SEGV (detected by Address Sanitizer) when using `core.abbrev` option

Kyle Lippincott <spectral@xxxxxxxxxx> · Mon, 10 Jun 2024 15:27:11 -0700

c8aed5e8dadf (repository: stop setting SHA1 as the default object
hash, 2024-05-07) stopped initializing the_hash_algo, but config.c
references it when it observes a user setting core.abbrev, in two
ways:
- if core.abbrev is detected as a 'no' boolean value, then
default_abbrev is set to the_hash_algo->hexsz
- if core.abbrev is set to an integer, it verifies that it's within
range for the hash algorithm (specifically: it errors out if the value
is < minimum_abbrev or > the_hash_algo->hexsz).

Stack:
==2421488==ERROR: AddressSanitizer: SEGV on unknown address
0x000000000018 (pc 0x56344202585f bp 0x7fff9546fe10 sp 0x7fff9546fcb0
T0)
==2421488==The signal is caused by a READ memory access.
==2421488==Hint: address points to the zero page.
    #0 0x56344202585f in git_default_core_config git/config.c:1466
    #1 0x56344202585f in git_default_config git/config.c:1815
    #2 0x56344202064e in configset_iter git/config.c:2185
    #3 0x563441d531cb in cmd_clone builtin/clone.c:981
    #4 0x563441cebac2 in run_builtin git/git.c:474
    #5 0x563441cebac2 in handle_builtin git/git.c:729
    #6 0x563441ceed0a in run_argv git/git.c:793
    #7 0x563441cf0aea in cmd_main git/git.c:928
    #8 0x563441ce9323 in main git/common-main.c:62
    #9 0x7fa3228456c9 in __libc_start_call_main
../sysdeps/nptl/libc_start_call_main.h:58
    #10 0x7fa322845784 in __libc_start_main_impl ../csu/libc-start.c:360
    #11 0x563441ceb530 in _start (git/git+0x1e0530) (BuildId:
c0e4b09d5b212a201769f1eb8e7592cddbe3af1d)
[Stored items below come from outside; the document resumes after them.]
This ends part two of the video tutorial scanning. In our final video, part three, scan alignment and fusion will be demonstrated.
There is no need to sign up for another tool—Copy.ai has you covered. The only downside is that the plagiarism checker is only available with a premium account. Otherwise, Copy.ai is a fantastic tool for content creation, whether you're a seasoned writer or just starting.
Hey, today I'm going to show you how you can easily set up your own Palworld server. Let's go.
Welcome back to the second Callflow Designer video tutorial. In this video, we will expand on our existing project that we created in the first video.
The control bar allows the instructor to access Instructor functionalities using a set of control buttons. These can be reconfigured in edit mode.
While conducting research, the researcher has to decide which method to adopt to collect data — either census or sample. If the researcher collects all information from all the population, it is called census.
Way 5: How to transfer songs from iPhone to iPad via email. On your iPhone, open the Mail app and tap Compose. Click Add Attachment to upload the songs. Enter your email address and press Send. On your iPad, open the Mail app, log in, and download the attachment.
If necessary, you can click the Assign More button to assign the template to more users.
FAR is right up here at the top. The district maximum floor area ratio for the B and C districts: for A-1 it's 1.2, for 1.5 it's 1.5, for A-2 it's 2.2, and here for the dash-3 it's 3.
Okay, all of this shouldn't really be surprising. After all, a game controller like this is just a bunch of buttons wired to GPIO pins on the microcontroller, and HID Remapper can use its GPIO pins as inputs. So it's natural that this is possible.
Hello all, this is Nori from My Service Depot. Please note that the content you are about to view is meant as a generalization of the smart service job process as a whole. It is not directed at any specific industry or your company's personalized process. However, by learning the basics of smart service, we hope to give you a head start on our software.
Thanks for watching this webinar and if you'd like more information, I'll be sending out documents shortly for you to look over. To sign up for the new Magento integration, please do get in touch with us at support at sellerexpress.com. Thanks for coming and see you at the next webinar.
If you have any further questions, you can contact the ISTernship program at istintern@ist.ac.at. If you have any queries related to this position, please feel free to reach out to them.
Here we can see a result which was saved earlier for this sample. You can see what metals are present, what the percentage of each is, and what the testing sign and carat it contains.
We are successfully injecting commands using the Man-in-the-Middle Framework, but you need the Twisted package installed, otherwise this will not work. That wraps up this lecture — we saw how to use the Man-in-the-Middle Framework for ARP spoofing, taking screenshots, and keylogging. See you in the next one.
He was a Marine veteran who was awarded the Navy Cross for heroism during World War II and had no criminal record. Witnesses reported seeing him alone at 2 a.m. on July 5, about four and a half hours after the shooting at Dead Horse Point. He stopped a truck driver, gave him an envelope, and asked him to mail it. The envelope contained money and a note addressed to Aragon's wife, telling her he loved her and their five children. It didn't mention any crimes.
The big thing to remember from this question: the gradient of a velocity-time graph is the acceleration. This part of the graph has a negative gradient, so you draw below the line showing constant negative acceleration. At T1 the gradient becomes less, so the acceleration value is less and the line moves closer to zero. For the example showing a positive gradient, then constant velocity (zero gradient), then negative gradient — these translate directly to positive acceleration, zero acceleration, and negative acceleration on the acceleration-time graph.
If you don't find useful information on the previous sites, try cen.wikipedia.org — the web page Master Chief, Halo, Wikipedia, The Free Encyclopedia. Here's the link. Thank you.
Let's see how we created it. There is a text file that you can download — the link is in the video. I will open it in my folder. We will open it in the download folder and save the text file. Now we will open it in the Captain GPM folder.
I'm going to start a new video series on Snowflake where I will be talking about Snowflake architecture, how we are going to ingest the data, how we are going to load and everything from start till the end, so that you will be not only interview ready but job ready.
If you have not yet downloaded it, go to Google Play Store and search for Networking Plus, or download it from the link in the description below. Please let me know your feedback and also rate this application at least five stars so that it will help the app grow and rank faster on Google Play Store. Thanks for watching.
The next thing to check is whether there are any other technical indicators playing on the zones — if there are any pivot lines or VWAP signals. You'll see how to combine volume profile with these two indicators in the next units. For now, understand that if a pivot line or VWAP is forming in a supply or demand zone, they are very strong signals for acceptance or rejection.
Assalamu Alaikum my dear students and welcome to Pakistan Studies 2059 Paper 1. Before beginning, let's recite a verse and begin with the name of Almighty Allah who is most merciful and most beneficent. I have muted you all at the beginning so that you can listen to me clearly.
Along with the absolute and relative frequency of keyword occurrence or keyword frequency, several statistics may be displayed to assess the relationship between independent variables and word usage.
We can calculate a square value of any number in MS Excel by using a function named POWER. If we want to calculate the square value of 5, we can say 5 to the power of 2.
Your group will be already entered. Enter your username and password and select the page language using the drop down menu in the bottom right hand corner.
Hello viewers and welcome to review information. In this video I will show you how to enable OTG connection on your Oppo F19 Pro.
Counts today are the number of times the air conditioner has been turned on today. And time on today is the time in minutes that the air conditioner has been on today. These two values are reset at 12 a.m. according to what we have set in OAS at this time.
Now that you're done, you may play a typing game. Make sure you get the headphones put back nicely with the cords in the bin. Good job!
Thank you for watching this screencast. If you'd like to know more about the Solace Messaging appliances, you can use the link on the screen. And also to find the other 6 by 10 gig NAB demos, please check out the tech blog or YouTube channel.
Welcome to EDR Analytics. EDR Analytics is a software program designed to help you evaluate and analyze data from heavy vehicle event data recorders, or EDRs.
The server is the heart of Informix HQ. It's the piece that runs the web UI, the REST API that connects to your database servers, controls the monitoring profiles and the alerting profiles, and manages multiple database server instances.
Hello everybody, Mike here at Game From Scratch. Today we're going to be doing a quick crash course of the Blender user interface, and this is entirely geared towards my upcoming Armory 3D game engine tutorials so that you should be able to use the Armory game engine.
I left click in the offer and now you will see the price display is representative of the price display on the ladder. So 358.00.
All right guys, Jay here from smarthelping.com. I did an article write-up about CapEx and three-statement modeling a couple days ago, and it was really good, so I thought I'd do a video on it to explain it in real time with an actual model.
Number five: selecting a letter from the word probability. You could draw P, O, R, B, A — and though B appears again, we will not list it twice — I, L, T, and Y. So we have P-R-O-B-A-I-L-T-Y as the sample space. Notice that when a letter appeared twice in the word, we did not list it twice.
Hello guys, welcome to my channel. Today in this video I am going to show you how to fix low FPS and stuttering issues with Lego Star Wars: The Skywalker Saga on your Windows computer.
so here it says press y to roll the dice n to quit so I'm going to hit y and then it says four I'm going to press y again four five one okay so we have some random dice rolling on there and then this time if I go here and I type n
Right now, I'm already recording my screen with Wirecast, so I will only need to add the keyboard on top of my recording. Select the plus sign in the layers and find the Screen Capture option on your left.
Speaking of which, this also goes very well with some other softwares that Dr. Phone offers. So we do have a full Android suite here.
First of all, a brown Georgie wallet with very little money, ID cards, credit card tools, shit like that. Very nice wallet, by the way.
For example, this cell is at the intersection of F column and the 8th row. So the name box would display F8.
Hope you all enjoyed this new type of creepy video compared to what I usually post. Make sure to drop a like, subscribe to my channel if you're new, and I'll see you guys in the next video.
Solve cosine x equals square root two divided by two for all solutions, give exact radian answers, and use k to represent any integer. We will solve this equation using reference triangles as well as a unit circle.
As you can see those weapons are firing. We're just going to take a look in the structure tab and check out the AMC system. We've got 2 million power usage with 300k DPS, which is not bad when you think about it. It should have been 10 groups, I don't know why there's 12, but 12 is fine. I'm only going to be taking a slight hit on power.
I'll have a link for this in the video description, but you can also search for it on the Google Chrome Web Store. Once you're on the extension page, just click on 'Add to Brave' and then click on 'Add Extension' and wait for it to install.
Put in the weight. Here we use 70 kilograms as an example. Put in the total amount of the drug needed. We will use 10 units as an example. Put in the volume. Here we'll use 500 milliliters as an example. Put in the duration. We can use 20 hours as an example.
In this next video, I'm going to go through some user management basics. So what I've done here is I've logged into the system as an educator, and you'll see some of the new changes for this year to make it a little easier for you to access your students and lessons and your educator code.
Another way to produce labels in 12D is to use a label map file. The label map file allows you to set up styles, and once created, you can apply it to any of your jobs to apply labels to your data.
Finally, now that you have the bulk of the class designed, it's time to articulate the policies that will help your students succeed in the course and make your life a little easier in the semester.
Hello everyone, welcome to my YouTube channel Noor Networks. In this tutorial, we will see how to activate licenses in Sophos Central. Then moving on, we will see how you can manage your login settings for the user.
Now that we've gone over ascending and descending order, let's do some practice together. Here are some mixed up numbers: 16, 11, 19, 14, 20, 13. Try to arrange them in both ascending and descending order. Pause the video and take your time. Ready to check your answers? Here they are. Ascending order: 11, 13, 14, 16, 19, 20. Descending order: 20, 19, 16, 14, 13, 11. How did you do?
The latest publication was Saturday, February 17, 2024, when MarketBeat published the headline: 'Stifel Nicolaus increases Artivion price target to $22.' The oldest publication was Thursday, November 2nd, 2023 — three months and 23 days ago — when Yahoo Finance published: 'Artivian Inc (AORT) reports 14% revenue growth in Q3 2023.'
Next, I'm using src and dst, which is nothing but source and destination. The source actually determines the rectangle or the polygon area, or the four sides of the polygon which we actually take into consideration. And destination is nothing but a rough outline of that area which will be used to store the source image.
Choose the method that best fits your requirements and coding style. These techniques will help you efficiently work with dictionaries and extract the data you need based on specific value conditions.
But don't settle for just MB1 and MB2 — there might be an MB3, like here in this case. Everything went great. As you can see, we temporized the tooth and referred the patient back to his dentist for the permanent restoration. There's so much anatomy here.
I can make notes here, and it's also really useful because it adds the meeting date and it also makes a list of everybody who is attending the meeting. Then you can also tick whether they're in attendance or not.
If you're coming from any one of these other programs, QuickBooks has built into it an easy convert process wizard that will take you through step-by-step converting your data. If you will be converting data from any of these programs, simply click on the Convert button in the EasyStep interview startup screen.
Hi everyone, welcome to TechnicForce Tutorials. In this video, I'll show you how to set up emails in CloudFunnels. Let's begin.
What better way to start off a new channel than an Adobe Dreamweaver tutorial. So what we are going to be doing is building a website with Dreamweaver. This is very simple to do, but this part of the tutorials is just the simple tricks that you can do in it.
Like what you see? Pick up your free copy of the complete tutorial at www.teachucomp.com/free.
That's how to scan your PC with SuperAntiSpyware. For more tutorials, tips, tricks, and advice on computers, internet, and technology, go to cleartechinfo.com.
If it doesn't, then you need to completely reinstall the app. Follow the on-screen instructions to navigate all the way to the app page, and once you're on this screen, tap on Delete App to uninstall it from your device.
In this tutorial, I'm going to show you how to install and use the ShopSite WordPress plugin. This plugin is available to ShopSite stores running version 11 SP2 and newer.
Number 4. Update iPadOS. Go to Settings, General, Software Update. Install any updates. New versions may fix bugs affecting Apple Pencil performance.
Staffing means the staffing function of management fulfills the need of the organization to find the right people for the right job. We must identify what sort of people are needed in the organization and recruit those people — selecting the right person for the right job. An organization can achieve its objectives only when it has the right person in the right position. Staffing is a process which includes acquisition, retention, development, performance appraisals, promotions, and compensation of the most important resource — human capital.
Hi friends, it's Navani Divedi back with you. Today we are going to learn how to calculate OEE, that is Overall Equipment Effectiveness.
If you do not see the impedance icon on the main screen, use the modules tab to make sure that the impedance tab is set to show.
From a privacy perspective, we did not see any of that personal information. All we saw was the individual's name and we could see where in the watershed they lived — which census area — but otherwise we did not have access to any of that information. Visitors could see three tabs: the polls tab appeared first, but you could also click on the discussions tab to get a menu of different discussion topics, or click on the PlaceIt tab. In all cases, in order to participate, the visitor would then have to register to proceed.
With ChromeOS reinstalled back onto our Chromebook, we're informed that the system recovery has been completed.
AddressSanitizer can not provide additional info.

---

My first thought for a fix was to just cap it at 40, with the
assumption that the code would handle it correctly in the unlikely
event that the hash size ever decreased, but I don't think that does
the right thing if `core.abbrev=no`. That's documented as a way of
obtaining the full hashes (with no abbreviation), and if we're using
sha256, capping that at 40 hex (160bits) is incorrect.

My second thought was that we could store the requested value and
validate it on every usage. This complicates usage locations, and can
lead to poor behavior (crashes in the middle of operation when we
finally get around to checking the value).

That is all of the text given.